[Short text fragments from websites]

-- Opening Marker --

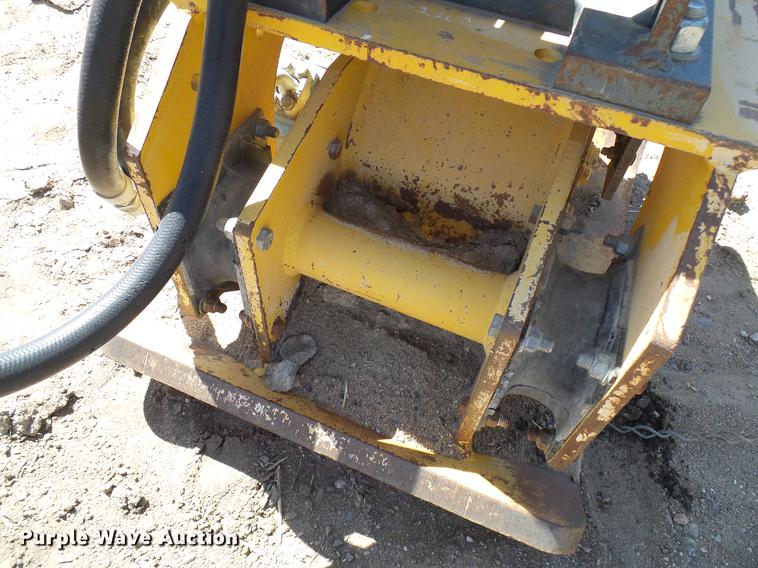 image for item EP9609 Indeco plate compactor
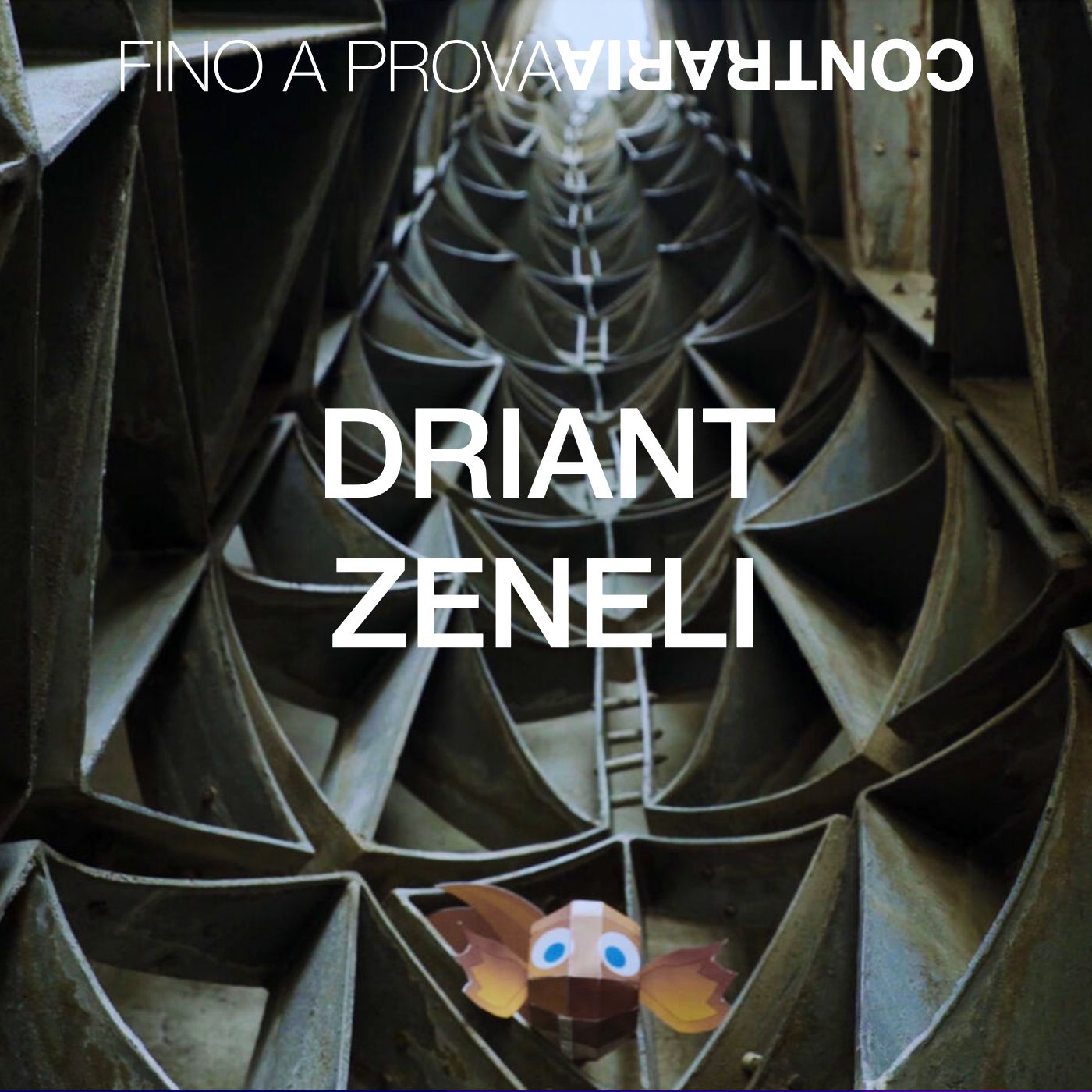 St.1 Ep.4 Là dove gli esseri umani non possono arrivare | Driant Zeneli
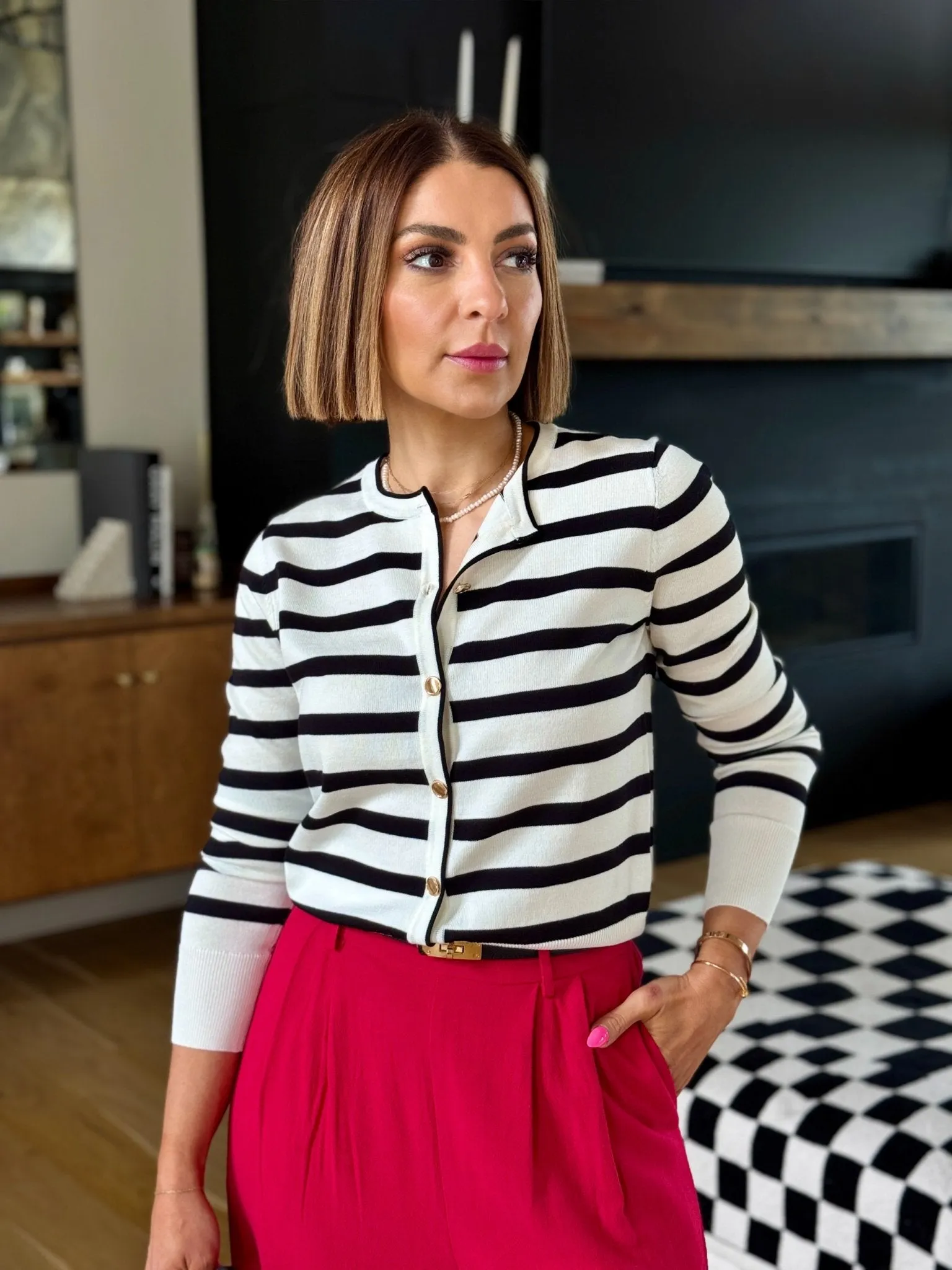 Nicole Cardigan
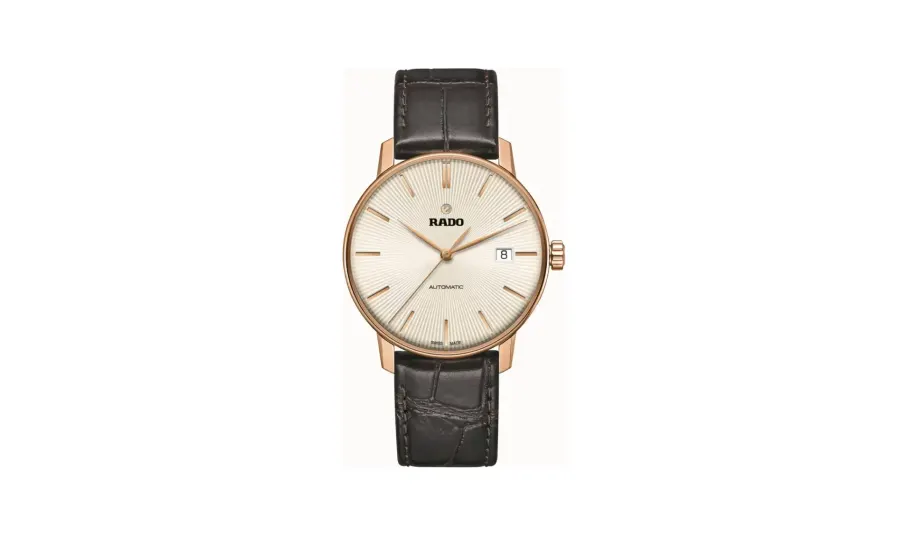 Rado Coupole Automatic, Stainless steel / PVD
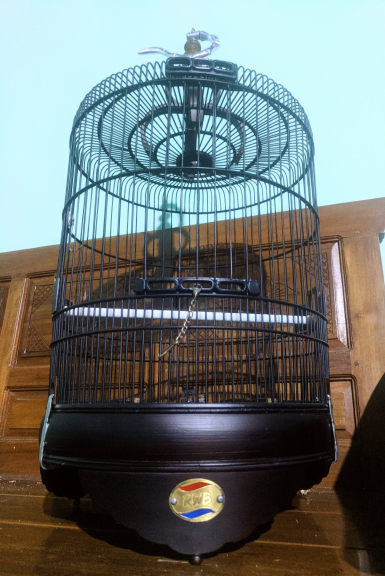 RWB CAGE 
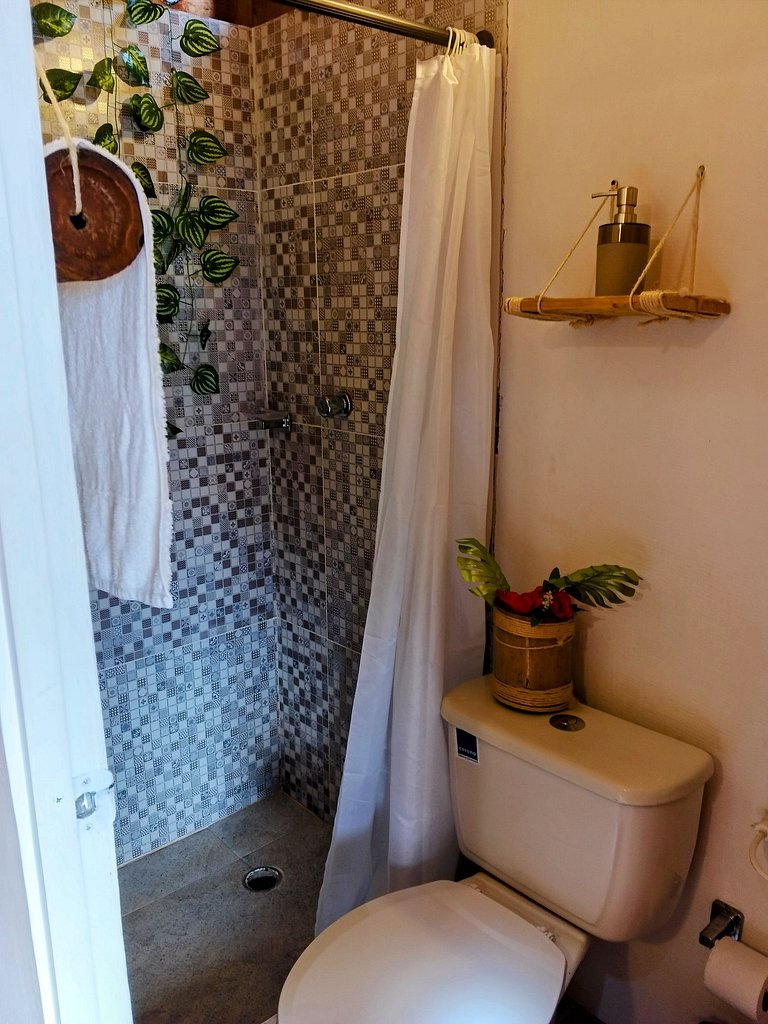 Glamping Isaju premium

-- Closing Marker --

# Exercise aim
Give again exactly the lines from the one holding "St.1 Ep.4 Là" to the final line of the records, both ends included, and nothing more. Pictures do not belong in the copy.

# Task solution
 St.1 Ep.4 Là dove gli esseri umani non possono arrivare | Driant Zeneli
 Nicole Cardigan
 Rado Coupole Automatic, Stainless steel / PVD
 RWB CAGE 
 Glamping Isaju premium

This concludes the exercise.